BEGIN THE INPUT

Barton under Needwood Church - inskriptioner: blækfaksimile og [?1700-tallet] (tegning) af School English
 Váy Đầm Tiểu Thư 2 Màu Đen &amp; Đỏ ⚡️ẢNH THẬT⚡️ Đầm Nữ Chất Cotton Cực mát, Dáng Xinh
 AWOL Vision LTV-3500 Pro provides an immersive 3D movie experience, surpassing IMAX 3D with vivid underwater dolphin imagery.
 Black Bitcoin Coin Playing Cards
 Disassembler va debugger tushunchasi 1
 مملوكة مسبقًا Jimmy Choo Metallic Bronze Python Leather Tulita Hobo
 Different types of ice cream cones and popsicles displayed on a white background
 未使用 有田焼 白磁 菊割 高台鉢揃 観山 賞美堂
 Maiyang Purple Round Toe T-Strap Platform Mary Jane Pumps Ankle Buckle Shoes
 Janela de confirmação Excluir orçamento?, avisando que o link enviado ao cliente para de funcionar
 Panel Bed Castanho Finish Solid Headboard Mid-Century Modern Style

END THE INPUT

-- TASK PROMPT --
Return the lines from the line containing "مملوكة مسبقًا Jimmy" to the end of the entries above, exactly as they appear and with no other output.

-- TASK OUTPUT --
 مملوكة مسبقًا Jimmy Choo Metallic Bronze Python Leather Tulita Hobo
 Different types of ice cream cones and popsicles displayed on a white background
 未使用 有田焼 白磁 菊割 高台鉢揃 観山 賞美堂
 Maiyang Purple Round Toe T-Strap Platform Mary Jane Pumps Ankle Buckle Shoes
 Janela de confirmação Excluir orçamento?, avisando que o link enviado ao cliente para de funcionar
 Panel Bed Castanho Finish Solid Headboard Mid-Century Modern Style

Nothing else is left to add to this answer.